Teachers’ unions, in particular, have been reluctant to get involved in an effort that has primarily been led by a Republican administration and local business leaders.
An informal survey of some of the more advanced America 2000 efforts indicates that most local unions are neither opposing or actively supporting the initiatives, although, in many of the communities, individual teachers are involved.
Mattie Rivers, the president of the Memphis Education Association, is working on Memphis 2000, but she is not confident that her membership will support the plan being drafted there.
“We don’t have enough grassroots participation to make this work,’' she said. “We don’t have enough teacher input. It’s going to be hard to get them to accept things like a longer school day.’'
“Teachers just do not feel that they have been part of the process from the beginning; it’s like we were an afterthought,’' said Shelley Potter, the president of the San Antonio Federation of Teachers. “Maybe I’ll think about it when we have a new administration in Washington.’'
Others have also begun speculating about America 2000’s future if Bill Clinton is elected President.

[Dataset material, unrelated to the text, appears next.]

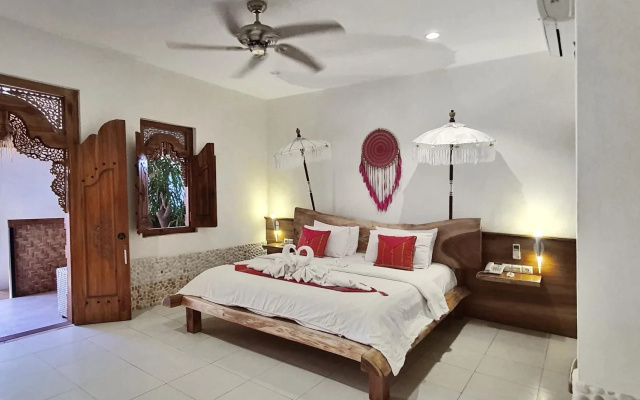 Samba Villas-Beachfront View
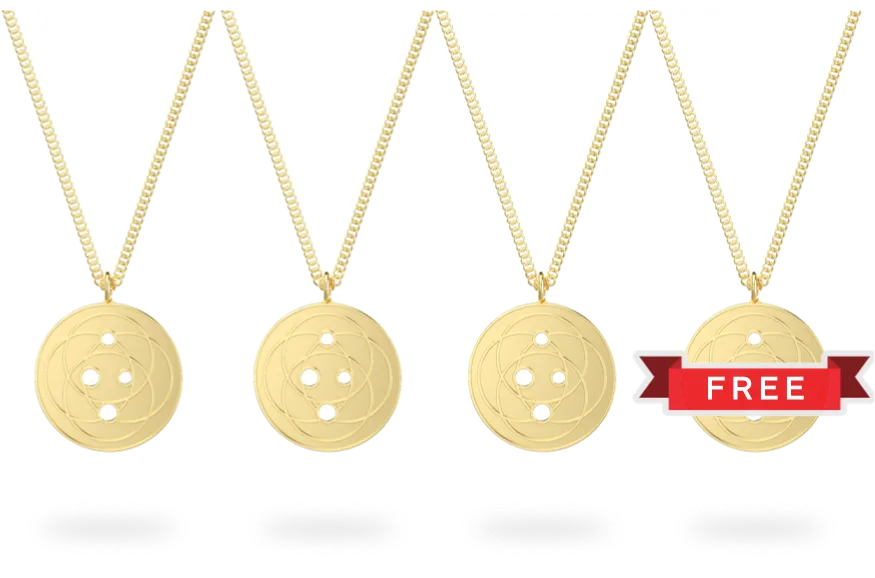 Harmoni Pendant Family Pack - Stainless/Gold/RG - Dr. Z Exclusive Offer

Mr. Clinton opposes vouchers for private schools, but supports the standards and assessment initiative. He has taken no position on the New American Schools Development Corporation, or on the community-planning portion of America 2000, although his state has signed on, and 34 Arkansas communities are listed as participants.
Mr. Alexander said he thinks the initiative has gathered too much momentum to be stopped by a change in administrations, and Democrats involved with local America 2000 efforts also expect them to continue.

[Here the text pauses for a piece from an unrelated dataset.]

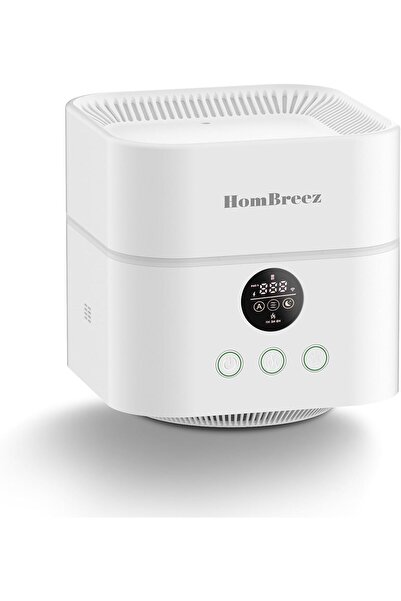 Generic جهاز تنقية وترطيب هواء مدمج لغرفة النوم، يغطي مساحة تصل إلى 200 قدم م...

“I can’t imagine that they’re going to tell us to stop,’' Ms. Jones-Conley of San Antonio 2000 said. “I’m hoping that when Bill Clinton is elected, we might see some actual money behind this.’'
Leslye A. Arsht, until recently one of Mr. Alexander’s top aides, is also looking toward the future. That is why she left the Education Department to become executive director of the America 2000 Coalition, a new national organization that aims to connect businesses and such social-service organizations as the Salvation Army with local America 2000 efforts.
“We’re looking to establish ourselves for the long term,’' she said. “It seems to us that the commitment by these communities to achieve the goals is growing and will continue. And I think you can achieve more, have more credibility, outside government.’'
The Promise and Potential
The efforts of San Antonio 2000 illustrate both the potential of the America 2000 concept and how far it has to go to realize that potential.

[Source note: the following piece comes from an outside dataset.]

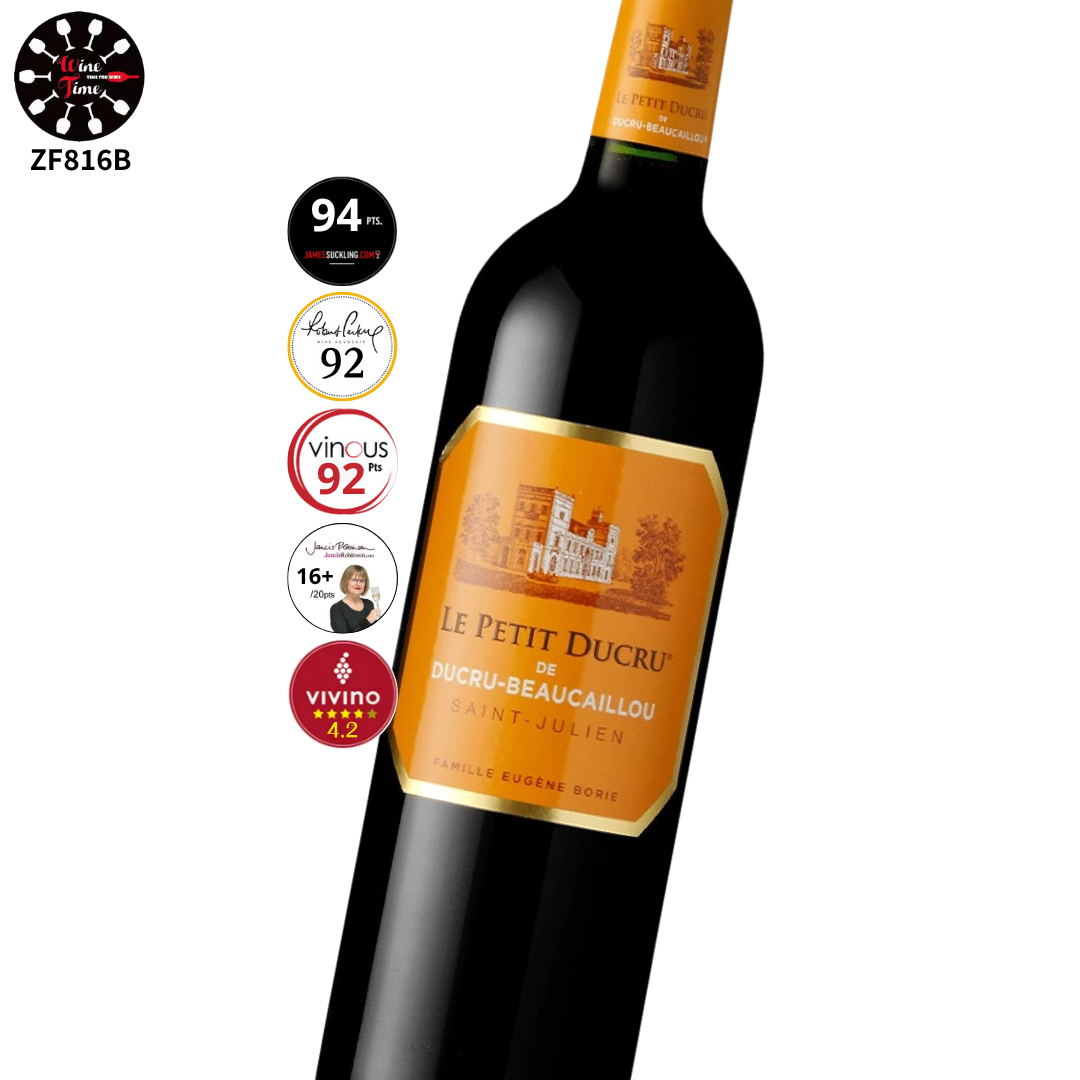 Le Petit Ducru de Ducru Beaucaillou 2022 Saint Julien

Like many other communities that jumped out to an early start, San Antonio had the advantage of building on earlier efforts. Former Mayor Henry Cisneros had brought together a nucleus of activists a decade ago in a community-improvement effort called Target 90.
In addition, said Harvey B. Cox, the executive director of San Antonio 2000, the local business community was already discussing getting involved in education reform before America 2000 came along “and gave us a framework.’'
Mr. Cox is on loan to San Antonio 2000 from U.S.A.A., an insurance and financial services company whose chief executive officer, Robert McDermott, is one of the initiative’s chairmen, along with Ms. Jones-Conley and Mr. Cisneros.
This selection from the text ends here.